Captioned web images
Start of Block

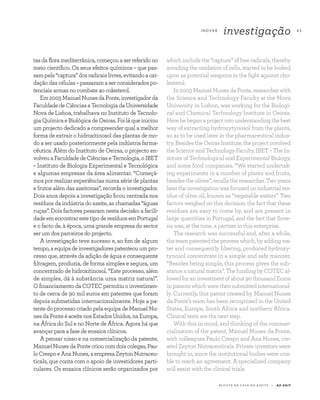 R E V I S TA D A C A S A D O A Z E I T E A Z - Z A I T
I N OVA R
investigação 4 3
tasdafloramediterrânica,começouaserreferidono
meio científico. Os seus efeitos químicos – que pas-
sampela“captura”dosradicaislivres,evitandoaoxi-
dação das células – passaram a ser considerados po-
tenciais armas no combate ao colesterol.
Em2003ManuelNunesdaPonte,investigadorda
FaculdadedeCiênciaseTecnologiadaUniversidade
Nova de Lisboa, trabalhava no Instituto de Tecnolo-
giaQuímicaeBiológicadeOeiras.Foiláqueiniciou
um projecto dedicado a compreender qual a melhor
forma de extrair o hidroxitinosol das plantas de mo-
do a ser usado posteriormente pela indústria farma-
cêutica. Além do Instituto de Oeiras, o projecto en-
volveuaFaculdadedeCiênciaseTecnologia,oIBET
– Instituto de Biologia Experimental e Tecnológica
e algumas empresas da área alimentar. “Começá-
mos por realizar experiências numa série de plantas
e frutos além das azeitonas”, recorda o investigador.
Dois anos depois a investigação ficou centrada nos
resíduos da indústria do azeite, as chamadas “águas
ruças”. Dois factores pesaram nesta decisão: a facili-
dadeemencontrarestetipoderesíduosemPortugal
e o facto de, à época, uma grande empresa do sector
ser um dos parceiros do projecto.
A investigação teve sucesso e, ao fim de algum
tempo,aequipadeinvestigadorespatenteouumpro-
cesso que, através da adição de água e consequente
filtragem, produzia, de forma simples e segura, um
concentrado de hidroxitinosol. “Este processo, além
de simples, dá à substância uma matriz natural”.
OfinanciamentodaCOTECpermitiuoinvestimen-
to de cerca de 90 mil euros em patentes que foram
depois submetidas internacionalmente. Hoje a pa-
tente do processo criado pela equipa de Manuel Nu-
nesdaPonteéaceitenosEstadosUnidos,naEuropa,
na África do Sul e no Norte de África. Agora há que
avançar para a fase de ensaios clínicos.
A pensar nisso e na comercialização da patente,
ManuelNunesdaPontecrioucomdoiscolegas,Pau-
loCrespoeAnaNunes,aempresaZeytonNutraceu-
ticals, que conta com o apoio de investidores parti-
culares. Os ensaios clínicos serão organizados por
which include the “capture” of free radicals, thereby
avoiding the oxidation of cells, started to be looked
upon as potential weapons in the fight against cho-
lesterol.
In 2003 Manuel Nunes da Ponte, researcher with
the Science and Technology Faculty at the Nova
University in Lisbon, was working for the Biologi-
cal and Chemical Technology Institute in Oeiras.
Herehebeganaprojectintounderstandingthebest
way of extracting hydroxytynosol from the plants,
so as to be used later in the pharmaceutical indus-
try.BesidestheOeirasInstitute,theprojectinvolved
the Science and Technology Faculty, IBET – The In-
stitute of Technological and Experimental Biology,
and some food companies. “We started undertak-
ing experiments in a number of plants and fruits,
besides the olives”, recalls the researcher. Two years
latertheinvestigationwasfocusedonindustrialres-
idue of olive oil, known as “vegetable waters”. Two
factors weighed on this decision: the fact that these
residues are easy to come by, and are present in
large quantities in Portugal, and the fact that Sove-
na was, at the time, a partner in this enterprise.
The research was successful and, after a while,
the team patented the process which, by adding wa-
ter and consequently filtering, produced hydroxy-
tynosol concentrate in a simple and safe manner.
“Besides being simple, this process gives the sub-
stanceanaturalmatrix”.ThefundingbyCOTECal-
lowedforaninvestmentofabout90thousandEuros
in patents which were then submitted international-
ly. Currently, this patent created by Manuel Nunes
da Ponte’s team has been recognized in the United
States, Europe, South Africa and northern Africa.
Clinical tests are the next step.
With this in mind, and thinking of the commer-
cialization of the patent, Manuel Nunes da Ponte,
with colleagues Paulo Crespo and Ana Nunes, cre-
ated Zeyton Nutraceuticals. Private investors were
brought in, since the institutional bodies were una-
ble to reach an agreement. A specialized company
will assist with the clinical trials.
 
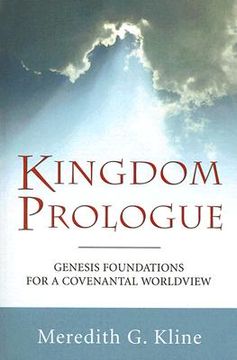 portada kingdom prologue: genesis foundations for a covenantal worldview (in English)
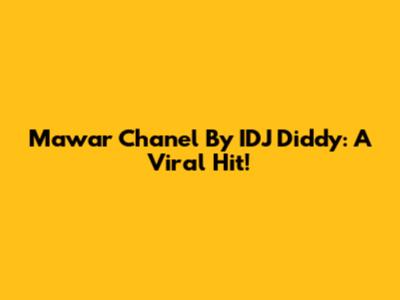 Mawar "Chanel" By IDJ Diddy: A Viral Hit!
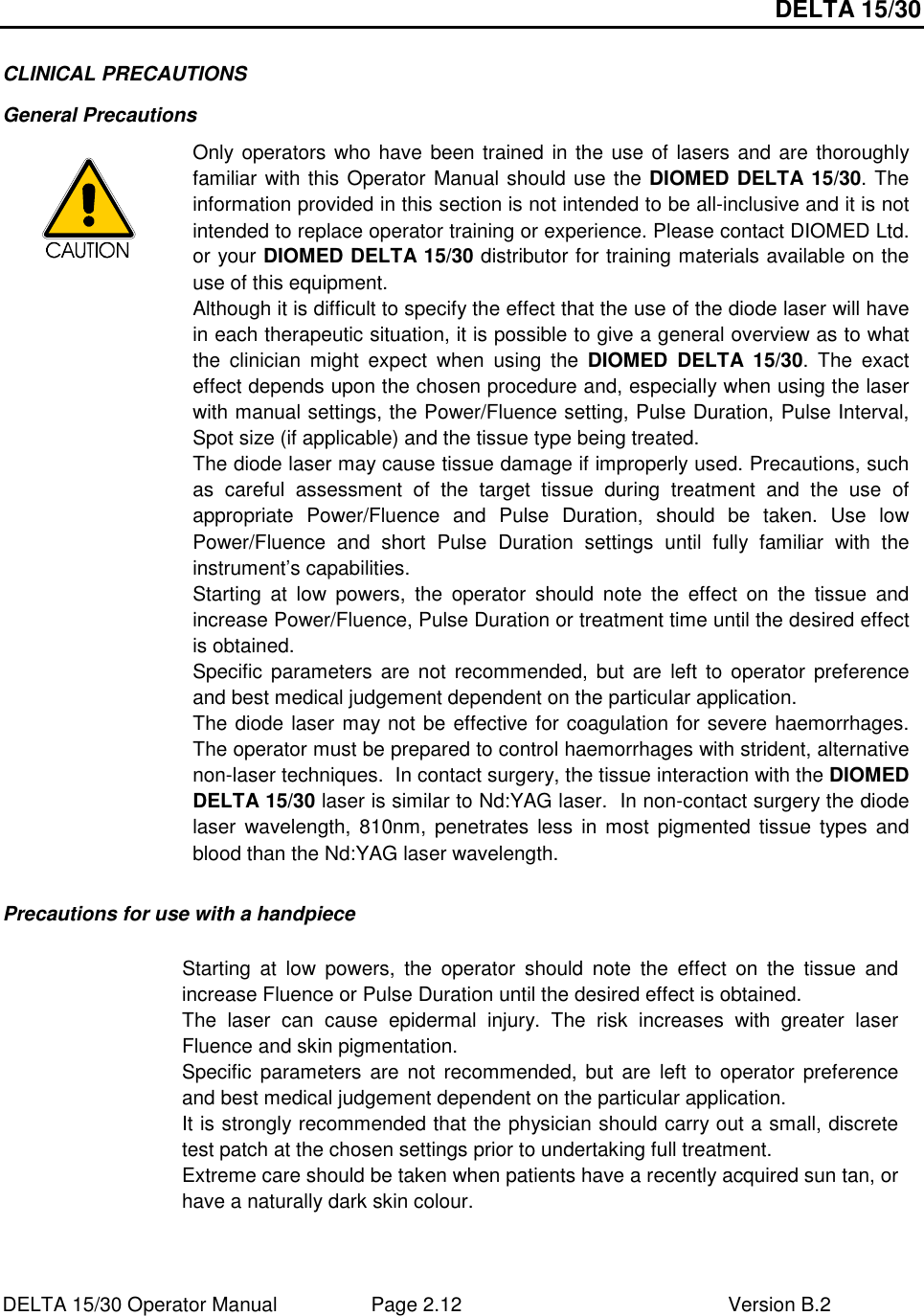 DELTA 15/30 DELTA 15/30 Operator Manual  Page 2.12  Version B.2  CLINICAL PRECAUTIONS General Precautions  Only operators who have  been trained in the use of lasers and are thoroughly familiar with this Operator Manual should use the DIOMED DELTA 15/30. The information provided in this section is not intended to be all-inclusive and it is not intended to replace operator training or experience. Please contact DIOMED Ltd. or your DIOMED DELTA 15/30 distributor for training materials available on the use of this equipment. Although it is difficult to specify the effect that the use of the diode laser will have in each therapeutic situation, it is possible to give a general overview as to what the  clinician  might  expect  when  using  the  DIOMED  DELTA  15/30.  The  exact effect depends upon the chosen procedure and, especially when using the laser with manual settings, the Power/Fluence setting, Pulse Duration, Pulse Interval, Spot size (if applicable) and the tissue type being treated.  The diode laser may cause tissue damage if improperly used. Precautions, such as  careful  assessment  of  the  target  tissue  during  treatment  and  the  use  of appropriate  Power/Fluence  and  Pulse  Duration,  should  be  taken.  Use  low Power/Fluence  and  short  Pulse  Duration  settings  until  fully  familiar  with  the instrument’s capabilities. Starting  at  low  powers,  the  operator  should  note  the  effect  on  the  tissue  and increase Power/Fluence, Pulse Duration or treatment time until the desired effect is obtained.  Specific parameters  are not  recommended, but  are  left  to operator  preference and best medical judgement dependent on the particular application. The diode laser may not be effective for coagulation for severe haemorrhages.  The operator must be prepared to control haemorrhages with strident, alternative non-laser techniques.  In contact surgery, the tissue interaction with the DIOMED DELTA 15/30 laser is similar to Nd:YAG laser.  In non-contact surgery the diode laser  wavelength, 810nm,  penetrates less  in most  pigmented tissue  types and blood than the Nd:YAG laser wavelength.  Precautions for use with a handpiece     Starting  at  low  powers,  the  operator  should  note  the  effect  on  the  tissue  and increase Fluence or Pulse Duration until the desired effect is obtained.  The  laser  can  cause  epidermal  injury.  The  risk  increases  with  greater  laser Fluence and skin pigmentation. Specific parameters  are not  recommended, but  are  left  to operator  preference and best medical judgement dependent on the particular application. It is strongly recommended that the physician should carry out a small, discrete test patch at the chosen settings prior to undertaking full treatment. Extreme care should be taken when patients have a recently acquired sun tan, or have a naturally dark skin colour.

End of Block

• What to produce:
Aside from the pictures, copy all of the entries exactly.

• Solution for this problem:
 R E V I S TA D A C A S A D O A Z E I T E A Z - Z A I T
I N OVA R
investigação 4 3
tasdafloramediterrânica,começouaserreferidono
meio científico. Os seus efeitos químicos – que pas-
sampela“captura”dosradicaislivres,evitandoaoxi-
dação das células – passaram a ser considerados po-
tenciais armas no combate ao colesterol.
Em2003ManuelNunesdaPonte,investigadorda
FaculdadedeCiênciaseTecnologiadaUniversidade
Nova de Lisboa, trabalhava no Instituto de Tecnolo-
giaQuímicaeBiológicadeOeiras.Foiláqueiniciou
um projecto dedicado a compreender qual a melhor
forma de extrair o hidroxitinosol das plantas de mo-
do a ser usado posteriormente pela indústria farma-
cêutica. Além do Instituto de Oeiras, o projecto en-
volveuaFaculdadedeCiênciaseTecnologia,oIBET
– Instituto de Biologia Experimental e Tecnológica
e algumas empresas da área alimentar. “Começá-
mos por realizar experiências numa série de plantas
e frutos além das azeitonas”, recorda o investigador.
Dois anos depois a investigação ficou centrada nos
resíduos da indústria do azeite, as chamadas “águas
ruças”. Dois factores pesaram nesta decisão: a facili-
dadeemencontrarestetipoderesíduosemPortugal
e o facto de, à época, uma grande empresa do sector
ser um dos parceiros do projecto.
A investigação teve sucesso e, ao fim de algum
tempo,aequipadeinvestigadorespatenteouumpro-
cesso que, através da adição de água e consequente
filtragem, produzia, de forma simples e segura, um
concentrado de hidroxitinosol. “Este processo, além
de simples, dá à substância uma matriz natural”.
OfinanciamentodaCOTECpermitiuoinvestimen-
to de cerca de 90 mil euros em patentes que foram
depois submetidas internacionalmente. Hoje a pa-
tente do processo criado pela equipa de Manuel Nu-
nesdaPonteéaceitenosEstadosUnidos,naEuropa,
na África do Sul e no Norte de África. Agora há que
avançar para a fase de ensaios clínicos.
A pensar nisso e na comercialização da patente,
ManuelNunesdaPontecrioucomdoiscolegas,Pau-
loCrespoeAnaNunes,aempresaZeytonNutraceu-
ticals, que conta com o apoio de investidores parti-
culares. Os ensaios clínicos serão organizados por
which include the “capture” of free radicals, thereby
avoiding the oxidation of cells, started to be looked
upon as potential weapons in the fight against cho-
lesterol.
In 2003 Manuel Nunes da Ponte, researcher with
the Science and Technology Faculty at the Nova
University in Lisbon, was working for the Biologi-
cal and Chemical Technology Institute in Oeiras.
Herehebeganaprojectintounderstandingthebest
way of extracting hydroxytynosol from the plants,
so as to be used later in the pharmaceutical indus-
try.BesidestheOeirasInstitute,theprojectinvolved
the Science and Technology Faculty, IBET – The In-
stitute of Technological and Experimental Biology,
and some food companies. “We started undertak-
ing experiments in a number of plants and fruits,
besides the olives”, recalls the researcher. Two years
latertheinvestigationwasfocusedonindustrialres-
idue of olive oil, known as “vegetable waters”. Two
factors weighed on this decision: the fact that these
residues are easy to come by, and are present in
large quantities in Portugal, and the fact that Sove-
na was, at the time, a partner in this enterprise.
The research was successful and, after a while,
the team patented the process which, by adding wa-
ter and consequently filtering, produced hydroxy-
tynosol concentrate in a simple and safe manner.
“Besides being simple, this process gives the sub-
stanceanaturalmatrix”.ThefundingbyCOTECal-
lowedforaninvestmentofabout90thousandEuros
in patents which were then submitted international-
ly. Currently, this patent created by Manuel Nunes
da Ponte’s team has been recognized in the United
States, Europe, South Africa and northern Africa.
Clinical tests are the next step.
With this in mind, and thinking of the commer-
cialization of the patent, Manuel Nunes da Ponte,
with colleagues Paulo Crespo and Ana Nunes, cre-
ated Zeyton Nutraceuticals. Private investors were
brought in, since the institutional bodies were una-
ble to reach an agreement. A specialized company
will assist with the clinical trials.
 
 portada kingdom prologue: genesis foundations for a covenantal worldview (in English)
 Mawar "Chanel" By IDJ Diddy: A Viral Hit!
 DELTA 15/30 DELTA 15/30 Operator Manual  Page 2.12  Version B.2  CLINICAL PRECAUTIONS General Precautions  Only operators who have  been trained in the use of lasers and are thoroughly familiar with this Operator Manual should use the DIOMED DELTA 15/30. The information provided in this section is not intended to be all-inclusive and it is not intended to replace operator training or experience. Please contact DIOMED Ltd. or your DIOMED DELTA 15/30 distributor for training materials available on the use of this equipment. Although it is difficult to specify the effect that the use of the diode laser will have in each therapeutic situation, it is possible to give a general overview as to what the  clinician  might  expect  when  using  the  DIOMED  DELTA  15/30.  The  exact effect depends upon the chosen procedure and, especially when using the laser with manual settings, the Power/Fluence setting, Pulse Duration, Pulse Interval, Spot size (if applicable) and the tissue type being treated.  The diode laser may cause tissue damage if improperly used. Precautions, such as  careful  assessment  of  the  target  tissue  during  treatment  and  the  use  of appropriate  Power/Fluence  and  Pulse  Duration,  should  be  taken.  Use  low Power/Fluence  and  short  Pulse  Duration  settings  until  fully  familiar  with  the instrument’s capabilities. Starting  at  low  powers,  the  operator  should  note  the  effect  on  the  tissue  and increase Power/Fluence, Pulse Duration or treatment time until the desired effect is obtained.  Specific parameters  are not  recommended, but  are  left  to operator  preference and best medical judgement dependent on the particular application. The diode laser may not be effective for coagulation for severe haemorrhages.  The operator must be prepared to control haemorrhages with strident, alternative non-laser techniques.  In contact surgery, the tissue interaction with the DIOMED DELTA 15/30 laser is similar to Nd:YAG laser.  In non-contact surgery the diode laser  wavelength, 810nm,  penetrates less  in most  pigmented tissue  types and blood than the Nd:YAG laser wavelength.  Precautions for use with a handpiece     Starting  at  low  powers,  the  operator  should  note  the  effect  on  the  tissue  and increase Fluence or Pulse Duration until the desired effect is obtained.  The  laser  can  cause  epidermal  injury.  The  risk  increases  with  greater  laser Fluence and skin pigmentation. Specific parameters  are not  recommended, but  are  left  to operator  preference and best medical judgement dependent on the particular application. It is strongly recommended that the physician should carry out a small, discrete test patch at the chosen settings prior to undertaking full treatment. Extreme care should be taken when patients have a recently acquired sun tan, or have a naturally dark skin colour.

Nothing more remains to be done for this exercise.